Repeat the lines below exactly as written, please, from the line with "A silver 2023" to the line with "Patriot Contracting staff", both lines included, and no others.

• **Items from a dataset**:
-- Opening Marker --
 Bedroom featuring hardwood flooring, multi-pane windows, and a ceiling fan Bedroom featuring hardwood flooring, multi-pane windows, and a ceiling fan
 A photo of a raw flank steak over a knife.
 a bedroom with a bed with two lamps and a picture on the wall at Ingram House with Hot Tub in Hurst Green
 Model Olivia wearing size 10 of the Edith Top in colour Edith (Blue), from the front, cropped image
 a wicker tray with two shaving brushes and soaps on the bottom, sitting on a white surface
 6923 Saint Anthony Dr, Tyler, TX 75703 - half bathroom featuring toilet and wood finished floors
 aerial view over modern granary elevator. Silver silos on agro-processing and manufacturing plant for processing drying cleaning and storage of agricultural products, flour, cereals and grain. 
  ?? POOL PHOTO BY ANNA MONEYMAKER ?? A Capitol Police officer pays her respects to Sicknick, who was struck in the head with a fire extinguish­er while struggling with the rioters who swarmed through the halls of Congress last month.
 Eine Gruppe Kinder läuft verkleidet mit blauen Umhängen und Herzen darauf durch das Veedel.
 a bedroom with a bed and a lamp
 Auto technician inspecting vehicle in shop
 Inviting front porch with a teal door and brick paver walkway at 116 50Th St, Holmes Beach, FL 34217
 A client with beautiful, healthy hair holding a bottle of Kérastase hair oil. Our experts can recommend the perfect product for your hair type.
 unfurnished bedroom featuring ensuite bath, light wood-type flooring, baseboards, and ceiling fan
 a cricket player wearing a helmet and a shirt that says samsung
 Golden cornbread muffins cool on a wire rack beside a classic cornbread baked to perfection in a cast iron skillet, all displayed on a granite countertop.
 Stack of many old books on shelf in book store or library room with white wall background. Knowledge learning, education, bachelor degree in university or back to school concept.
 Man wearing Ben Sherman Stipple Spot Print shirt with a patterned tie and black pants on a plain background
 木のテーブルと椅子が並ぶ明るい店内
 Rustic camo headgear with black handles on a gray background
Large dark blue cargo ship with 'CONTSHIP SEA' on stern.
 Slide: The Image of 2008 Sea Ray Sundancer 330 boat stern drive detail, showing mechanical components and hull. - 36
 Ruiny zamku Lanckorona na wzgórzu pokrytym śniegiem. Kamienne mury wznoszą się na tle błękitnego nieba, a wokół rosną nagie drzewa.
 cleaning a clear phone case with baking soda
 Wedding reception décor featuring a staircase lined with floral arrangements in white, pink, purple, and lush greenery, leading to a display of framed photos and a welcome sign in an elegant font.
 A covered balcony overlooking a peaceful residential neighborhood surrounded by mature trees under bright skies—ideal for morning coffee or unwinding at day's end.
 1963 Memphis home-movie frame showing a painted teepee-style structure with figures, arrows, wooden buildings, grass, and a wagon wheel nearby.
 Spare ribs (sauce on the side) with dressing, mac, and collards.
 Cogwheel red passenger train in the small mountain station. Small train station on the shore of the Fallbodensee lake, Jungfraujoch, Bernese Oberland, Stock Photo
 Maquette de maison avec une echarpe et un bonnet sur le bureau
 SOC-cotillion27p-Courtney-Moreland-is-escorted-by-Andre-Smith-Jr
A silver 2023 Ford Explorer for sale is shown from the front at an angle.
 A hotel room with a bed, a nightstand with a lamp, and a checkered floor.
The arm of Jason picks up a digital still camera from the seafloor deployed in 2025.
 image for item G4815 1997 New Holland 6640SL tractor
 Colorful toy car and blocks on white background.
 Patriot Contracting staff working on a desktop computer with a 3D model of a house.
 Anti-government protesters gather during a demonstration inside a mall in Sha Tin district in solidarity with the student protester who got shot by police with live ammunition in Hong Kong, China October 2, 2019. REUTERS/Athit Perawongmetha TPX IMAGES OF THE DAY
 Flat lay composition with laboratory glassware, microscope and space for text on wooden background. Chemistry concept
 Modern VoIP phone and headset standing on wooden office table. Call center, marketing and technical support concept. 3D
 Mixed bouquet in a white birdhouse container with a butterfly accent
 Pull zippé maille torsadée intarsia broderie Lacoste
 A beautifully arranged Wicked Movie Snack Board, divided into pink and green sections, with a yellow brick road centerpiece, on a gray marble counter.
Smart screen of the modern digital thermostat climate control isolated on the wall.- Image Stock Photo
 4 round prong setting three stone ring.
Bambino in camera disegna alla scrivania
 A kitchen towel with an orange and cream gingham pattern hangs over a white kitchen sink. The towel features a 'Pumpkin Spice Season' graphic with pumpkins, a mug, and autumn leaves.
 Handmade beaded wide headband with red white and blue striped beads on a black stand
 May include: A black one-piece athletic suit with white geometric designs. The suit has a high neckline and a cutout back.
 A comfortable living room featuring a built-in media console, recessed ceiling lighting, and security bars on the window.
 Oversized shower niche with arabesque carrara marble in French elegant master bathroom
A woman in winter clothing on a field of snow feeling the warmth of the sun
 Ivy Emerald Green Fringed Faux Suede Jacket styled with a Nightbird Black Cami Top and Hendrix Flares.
-- Closing Marker --
• **Task answer**:
A silver 2023 Ford Explorer for sale is shown from the front at an angle.
 A hotel room with a bed, a nightstand with a lamp, and a checkered floor.
The arm of Jason picks up a digital still camera from the seafloor deployed in 2025.
 image for item G4815 1997 New Holland 6640SL tractor
 Colorful toy car and blocks on white background.
 Patriot Contracting staff working on a desktop computer with a 3D model of a house.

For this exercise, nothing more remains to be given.